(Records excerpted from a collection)
***
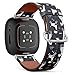 CJBROES Replacement Leather Watch Band, Compatible with Fitbit Versa 3 and Fitbit Sense of Wristband Bracelet Accessory - Childish Cute Giraffe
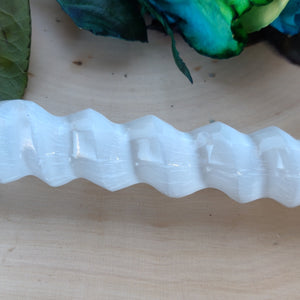 Selenite Twisted Wand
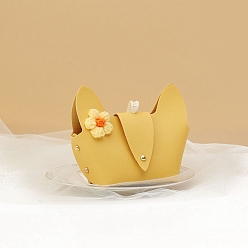 Gold Creative Imitation Leather Wedding Candy Bag, Flower, Gold, 16x13x5.5cm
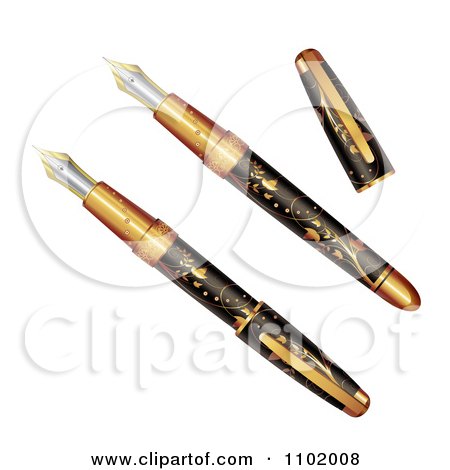 Clipart 3d Black And Gold Fountain Pens - Royalty Free Vector Illustration by merlinul
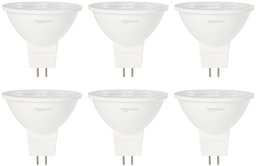 AmazonBasics 35 Watt Equivalent, 3000K White, Dimmable, 15,000 Hour Lifetime, MR16 LED Light Bulb | 6-Pack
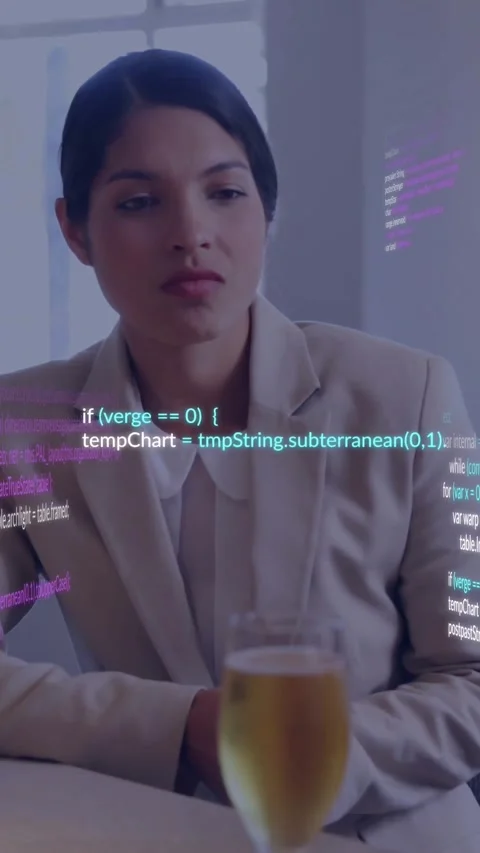 Vertical video: Woman responding to off-screen voice in tech, lowering chin as Stock Footage 334387202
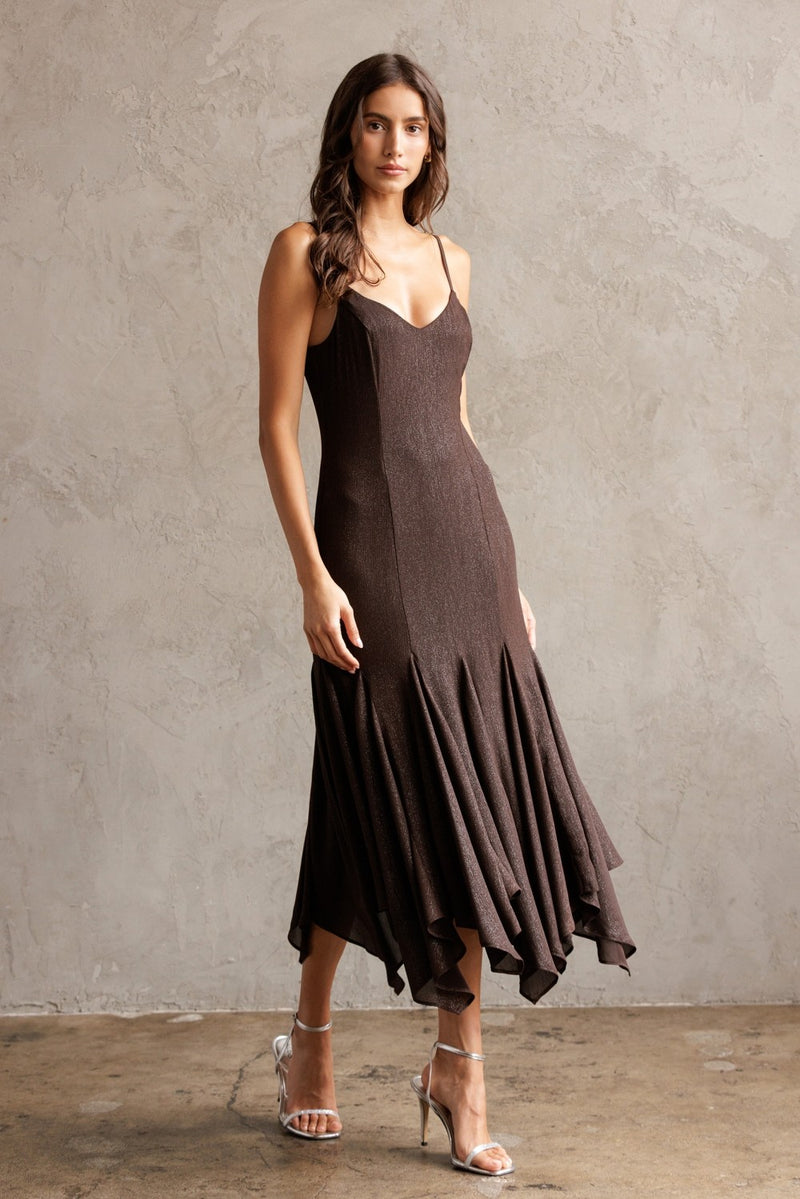 Phoebe Shimmering Asymmetric Hem Dress, Brown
***
**How to complete this task**
What you produce should repeat the data word for word while omitting all images.

**Expected output**
 CJBROES Replacement Leather Watch Band, Compatible with Fitbit Versa 3 and Fitbit Sense of Wristband Bracelet Accessory - Childish Cute Giraffe
 Selenite Twisted Wand
 Gold Creative Imitation Leather Wedding Candy Bag, Flower, Gold, 16x13x5.5cm
 Clipart 3d Black And Gold Fountain Pens - Royalty Free Vector Illustration by merlinul
 AmazonBasics 35 Watt Equivalent, 3000K White, Dimmable, 15,000 Hour Lifetime, MR16 LED Light Bulb | 6-Pack
 Vertical video: Woman responding to off-screen voice in tech, lowering chin as Stock Footage 334387202
 Phoebe Shimmering Asymmetric Hem Dress, Brown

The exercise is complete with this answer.